▶ [EXERCISE REQUIREMENTS] Check each line of the data for "rocks" and select those that have it.

▶ [Stored records]
--------------------------------------------------
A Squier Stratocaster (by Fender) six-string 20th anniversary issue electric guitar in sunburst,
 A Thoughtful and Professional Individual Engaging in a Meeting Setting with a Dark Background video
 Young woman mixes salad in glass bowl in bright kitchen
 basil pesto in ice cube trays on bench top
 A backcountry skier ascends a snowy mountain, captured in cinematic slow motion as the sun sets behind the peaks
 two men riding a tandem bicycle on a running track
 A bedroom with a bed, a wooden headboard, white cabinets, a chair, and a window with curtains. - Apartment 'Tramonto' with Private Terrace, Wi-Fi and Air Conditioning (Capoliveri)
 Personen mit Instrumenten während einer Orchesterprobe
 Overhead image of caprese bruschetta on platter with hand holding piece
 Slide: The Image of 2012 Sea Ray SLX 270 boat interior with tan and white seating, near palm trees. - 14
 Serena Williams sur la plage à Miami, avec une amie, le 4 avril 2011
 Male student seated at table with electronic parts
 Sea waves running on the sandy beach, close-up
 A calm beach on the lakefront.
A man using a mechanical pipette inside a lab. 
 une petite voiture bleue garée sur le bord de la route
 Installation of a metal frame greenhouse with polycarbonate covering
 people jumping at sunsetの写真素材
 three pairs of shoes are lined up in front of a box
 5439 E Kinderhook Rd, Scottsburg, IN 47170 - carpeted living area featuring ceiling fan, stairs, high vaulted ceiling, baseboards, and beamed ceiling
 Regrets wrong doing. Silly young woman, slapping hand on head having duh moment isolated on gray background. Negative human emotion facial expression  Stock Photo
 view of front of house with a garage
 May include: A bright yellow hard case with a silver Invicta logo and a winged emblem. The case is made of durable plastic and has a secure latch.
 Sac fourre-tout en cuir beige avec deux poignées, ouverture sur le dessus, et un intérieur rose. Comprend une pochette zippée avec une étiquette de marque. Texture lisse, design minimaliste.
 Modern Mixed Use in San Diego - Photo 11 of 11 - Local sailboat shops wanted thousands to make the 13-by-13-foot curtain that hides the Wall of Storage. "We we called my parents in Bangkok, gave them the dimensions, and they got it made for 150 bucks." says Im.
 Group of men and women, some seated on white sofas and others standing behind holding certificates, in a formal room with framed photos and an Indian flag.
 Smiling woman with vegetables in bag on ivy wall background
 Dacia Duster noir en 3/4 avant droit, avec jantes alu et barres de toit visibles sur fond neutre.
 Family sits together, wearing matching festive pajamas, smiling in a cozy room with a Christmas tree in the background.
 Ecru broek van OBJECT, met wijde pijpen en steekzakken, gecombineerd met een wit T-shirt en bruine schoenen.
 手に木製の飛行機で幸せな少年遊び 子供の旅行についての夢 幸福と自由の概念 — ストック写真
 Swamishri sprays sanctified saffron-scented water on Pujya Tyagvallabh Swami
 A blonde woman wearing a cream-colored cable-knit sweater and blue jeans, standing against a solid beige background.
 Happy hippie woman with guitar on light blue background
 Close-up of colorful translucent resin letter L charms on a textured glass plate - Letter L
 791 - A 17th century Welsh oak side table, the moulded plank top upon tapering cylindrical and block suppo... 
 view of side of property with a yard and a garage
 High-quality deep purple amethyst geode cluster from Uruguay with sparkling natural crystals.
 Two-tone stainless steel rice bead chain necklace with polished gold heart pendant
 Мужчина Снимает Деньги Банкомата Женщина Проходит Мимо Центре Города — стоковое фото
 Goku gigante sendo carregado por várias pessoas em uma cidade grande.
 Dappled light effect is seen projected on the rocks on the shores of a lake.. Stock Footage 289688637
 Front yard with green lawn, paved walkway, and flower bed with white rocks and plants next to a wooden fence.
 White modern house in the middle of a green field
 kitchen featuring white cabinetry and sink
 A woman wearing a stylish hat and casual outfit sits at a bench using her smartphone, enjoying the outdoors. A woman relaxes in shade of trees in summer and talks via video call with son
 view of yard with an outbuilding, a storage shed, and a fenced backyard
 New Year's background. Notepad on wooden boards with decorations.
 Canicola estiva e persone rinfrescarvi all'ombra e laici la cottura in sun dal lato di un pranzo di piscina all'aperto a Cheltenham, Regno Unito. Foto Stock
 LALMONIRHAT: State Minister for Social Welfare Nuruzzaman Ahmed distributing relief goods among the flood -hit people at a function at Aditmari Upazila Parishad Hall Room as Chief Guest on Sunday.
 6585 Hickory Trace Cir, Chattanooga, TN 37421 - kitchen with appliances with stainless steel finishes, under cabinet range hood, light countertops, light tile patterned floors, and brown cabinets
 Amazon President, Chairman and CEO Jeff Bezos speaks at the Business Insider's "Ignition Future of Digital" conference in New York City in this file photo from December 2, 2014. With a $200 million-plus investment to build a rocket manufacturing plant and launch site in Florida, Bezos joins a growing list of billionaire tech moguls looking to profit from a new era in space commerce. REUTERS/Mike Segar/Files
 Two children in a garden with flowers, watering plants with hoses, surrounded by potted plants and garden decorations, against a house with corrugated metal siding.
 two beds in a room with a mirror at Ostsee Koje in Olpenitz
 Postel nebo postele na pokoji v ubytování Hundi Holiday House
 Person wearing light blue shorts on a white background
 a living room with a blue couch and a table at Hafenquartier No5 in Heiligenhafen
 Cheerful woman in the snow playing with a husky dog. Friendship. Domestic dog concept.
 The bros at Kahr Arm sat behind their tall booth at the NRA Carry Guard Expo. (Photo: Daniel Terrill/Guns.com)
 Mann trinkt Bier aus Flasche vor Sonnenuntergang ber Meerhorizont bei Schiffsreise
--------------------------------------------------
▶ [TASK OUTPUT]
 Dappled light effect is seen projected on the rocks on the shores of a lake.. Stock Footage 289688637
 Front yard with green lawn, paved walkway, and flower bed with white rocks and plants next to a wooden fence.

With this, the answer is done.